*Work item*: Leave every image out, and return the rest of the data word for word.

Start of Supplied material

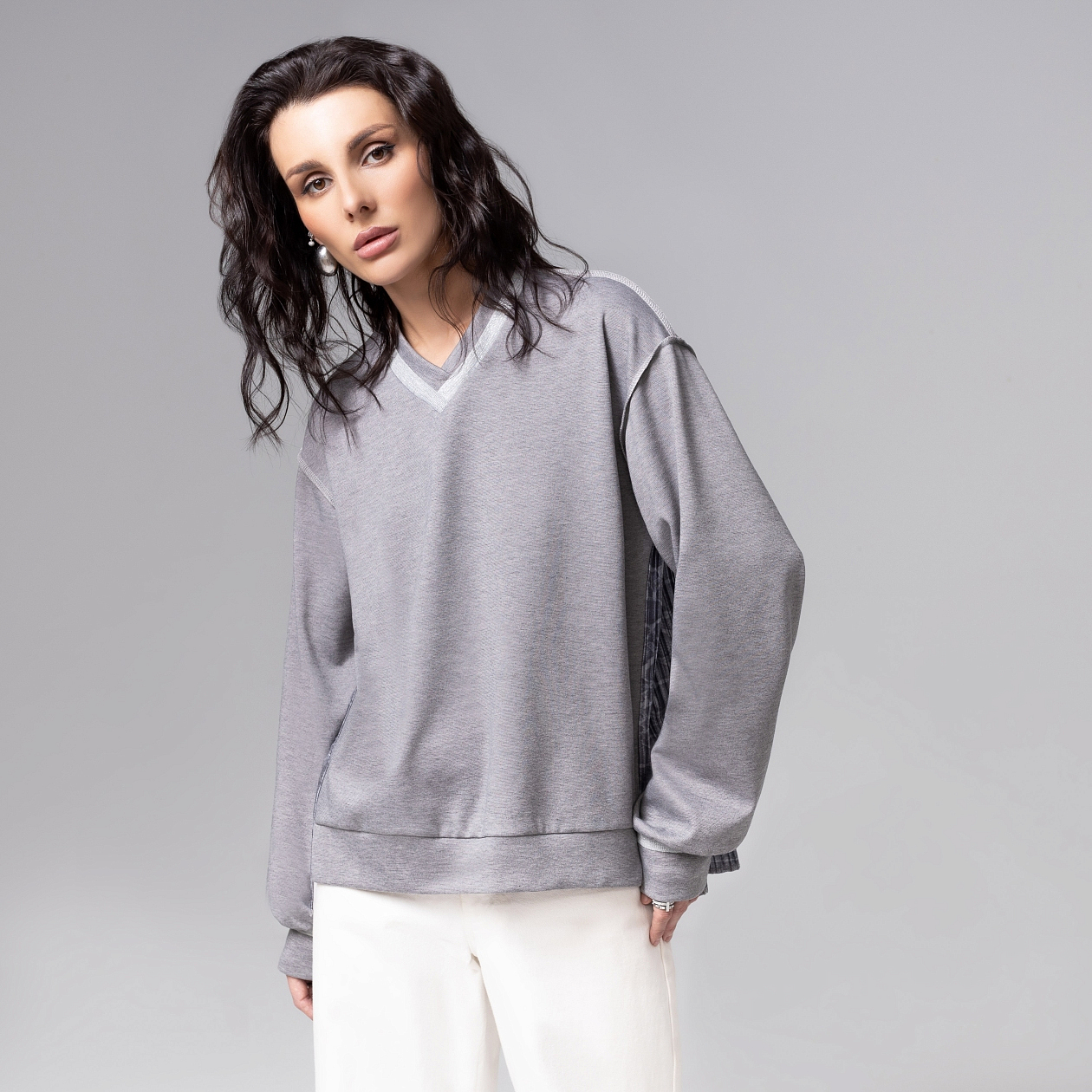 Успех в руках (серый). Состав: 35% вискоза, 30% п/э, 30% нейлон, 5% спандекс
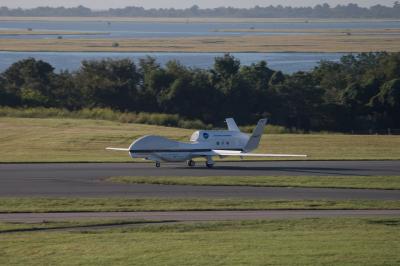NASA Global Hawk 872 Lands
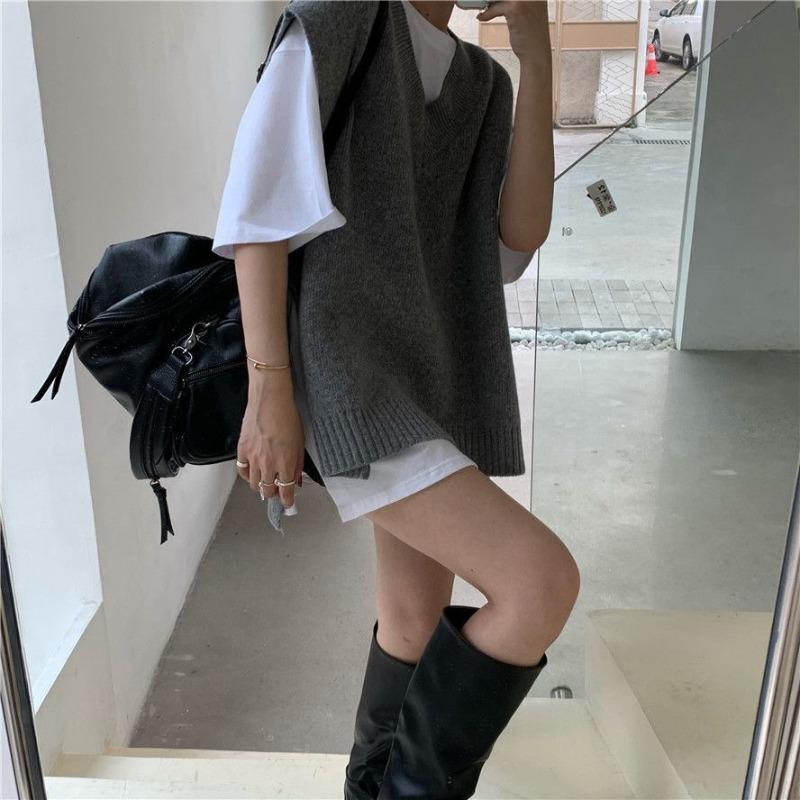 Korean Lazy College Style Grey V Neck Knit Vest Women Autumn Winter Layering Outerwear Sweater Vest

End of Supplied material

*Result for this exercise*:
 Успех в руках (серый). Состав: 35% вискоза, 30% п/э, 30% нейлон, 5% спандекс
NASA Global Hawk 872 Lands
 Korean Lazy College Style Grey V Neck Knit Vest Women Autumn Winter Layering Outerwear Sweater Vest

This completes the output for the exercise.